# Temporal-Difference Learning

If one had to identify one idea as central and novel to reinforcement learning, it would undoubtedly be **temporal-difference (TD) learning**. TD learning is a combination of Monte Carlo ideas and dynamic programming (DP) ideas. Like Monte Carlo methods, TD methods can learn directly from raw experience without a model of the environment’s dynamics. Like DP, TD methods update estimates based in part on other learned estimates, without waiting for a final outcome (they bootstrap).

# TD Prediction

Both TD and Monte Carlo methods use experience to solve the prediction problem. A simple every-visit Monte Carlo method suitable for nonstationary environments is
$$ V(S_t) \leftarrow V(S_t) + \alpha \left[G_t - V(S_t) \right] $$
where $G_t$ is the actual return following time $t$, and $\alpha$ is a constant step-size parameter.

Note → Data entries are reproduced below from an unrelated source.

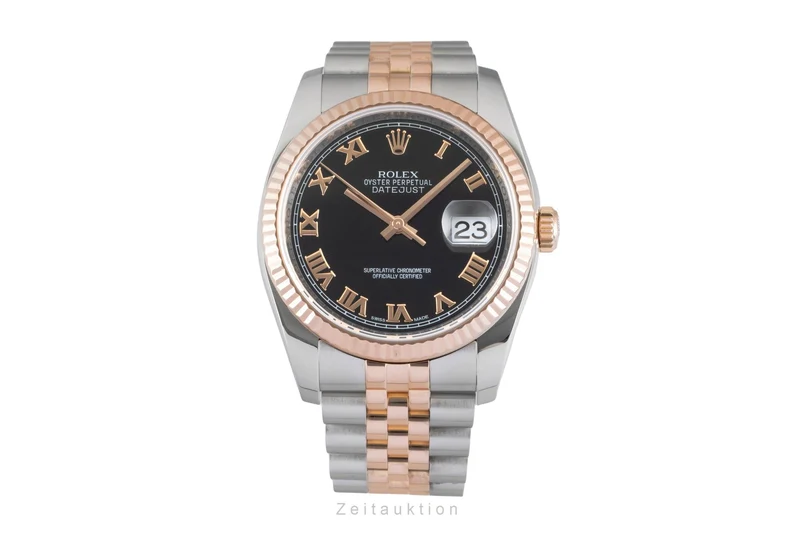 Rolex Datejust steel / gold automatic men's watch 116231 [2605438]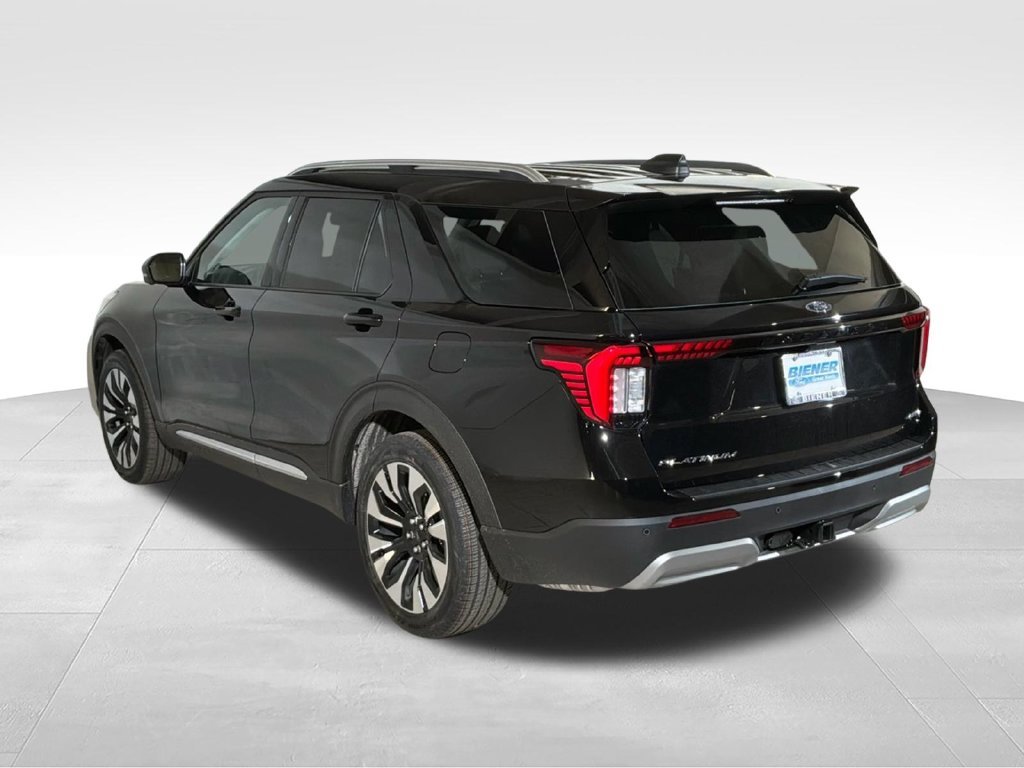 New 2026 Agate Black Metallic Ford Platinum™ image 5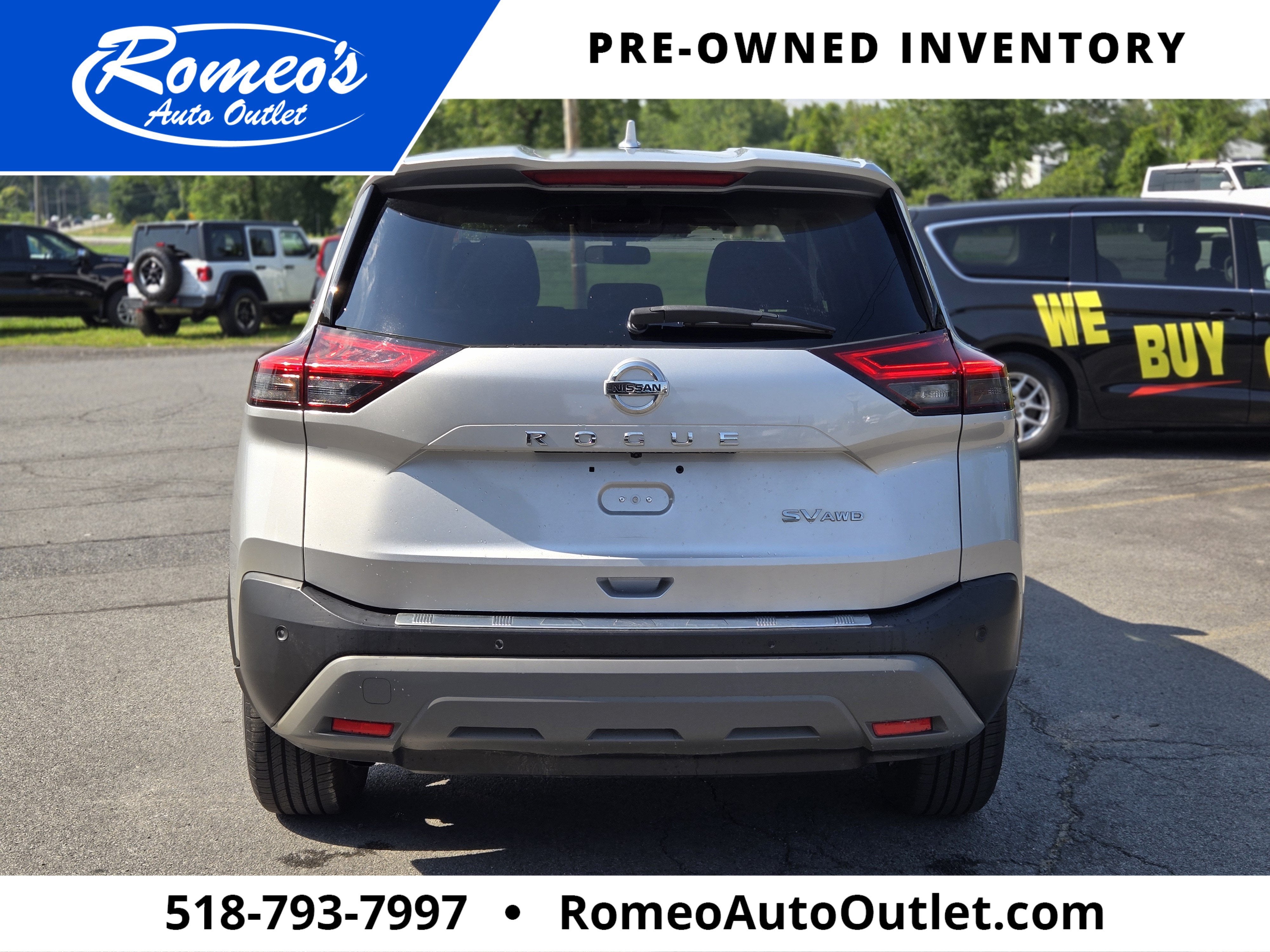 2021 Nissan Rogue SV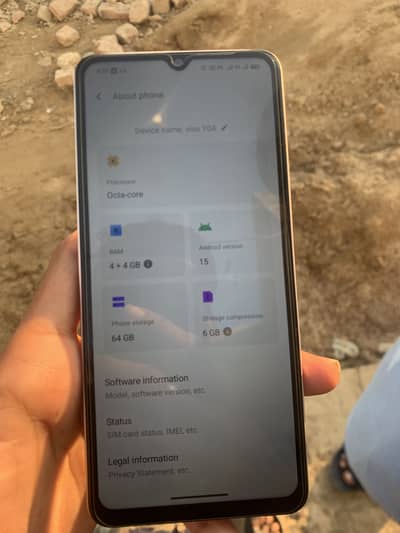 Vivo y04 pta approved 10/10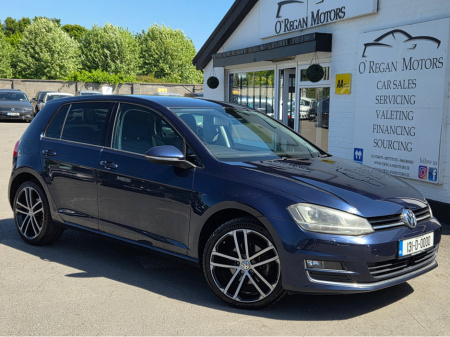 2013 Volkswagen Golf (132) 1.4 TSI 140***NOW SOLD*** BHP HIGHLINE AUTO €12,950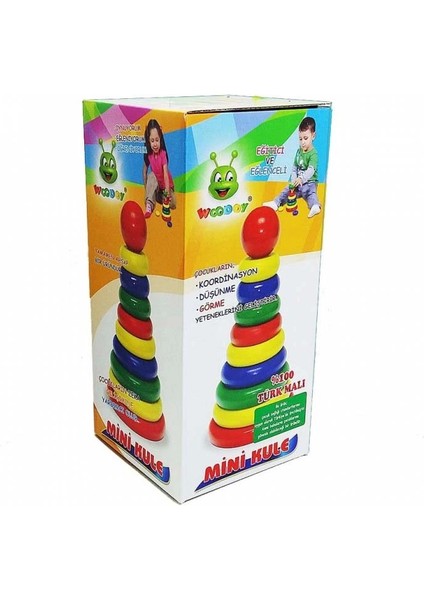 Bfs Ahşap Mini Kule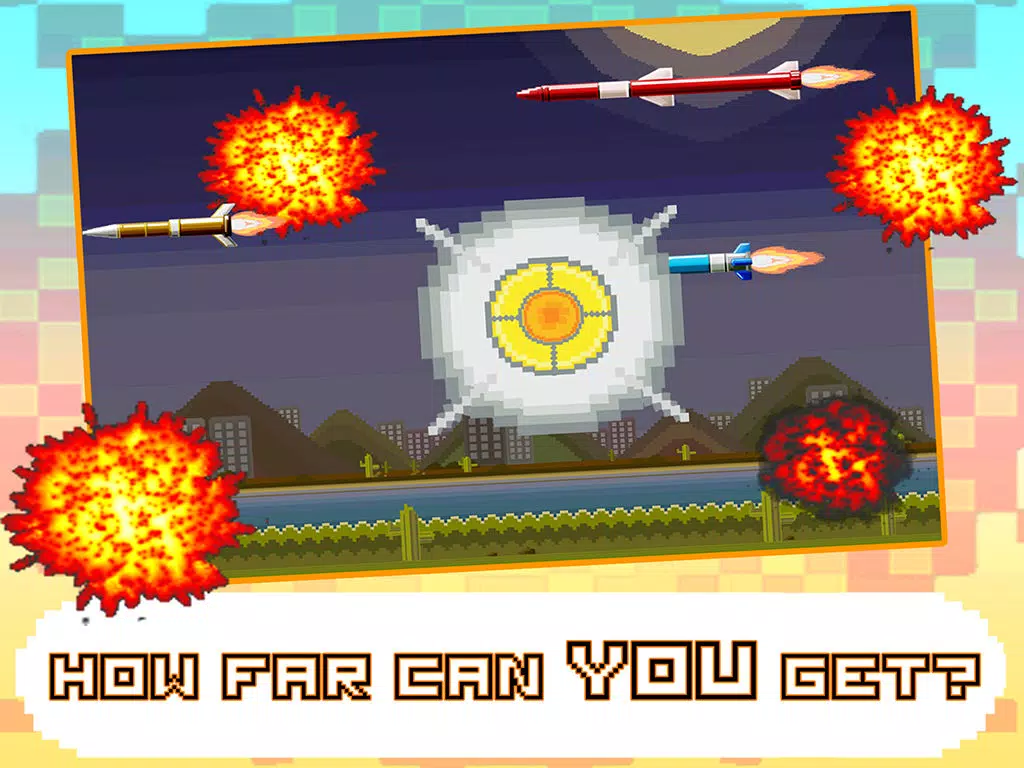 Tap Tap Boom - Endless Missile Defense Game iPad Screenshots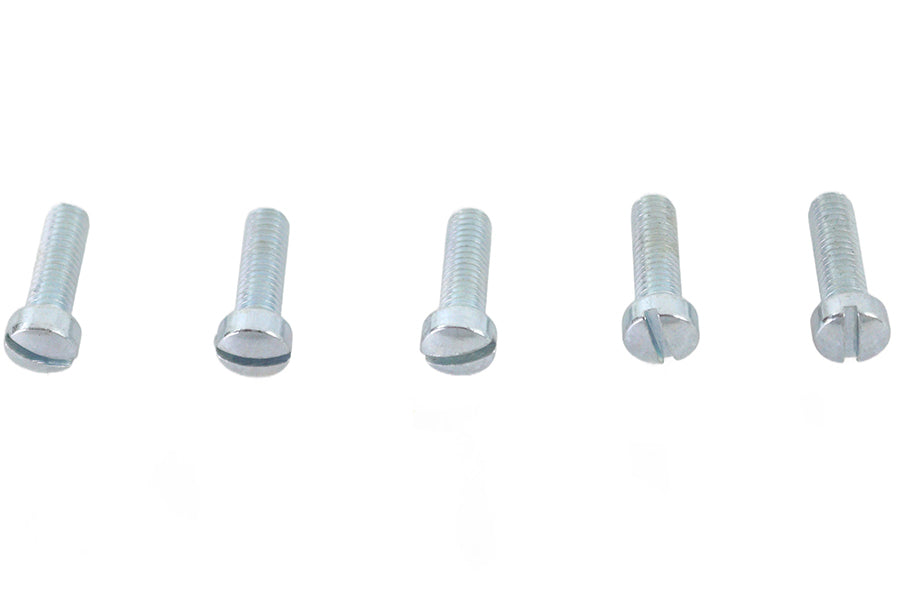 HARLEY Fillister Head Screws 10-32 X 5/8 inch Zinc Fits 0-  All, models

Whereas Monte Carlo methods must wait until the end of the episode to determine the increment to $V(S_t)$, TD methods need to wait only until the next time step. At time $t + 1$ they immediately form a target and make a useful update using the observed reward $R_{t+1}$ and the estimate $V(S_{t+1})$ The simplest TD method makes the update
$$ V(S_t) \leftarrow V(S_t) + \alpha \left[R_{t+1} + \gamma V(S_{t+1}) - V(S_t) \right] $$
This TD method is called $TD(0)$, or **one-step TD**, because it is a special case of the $TD(\lambda)$.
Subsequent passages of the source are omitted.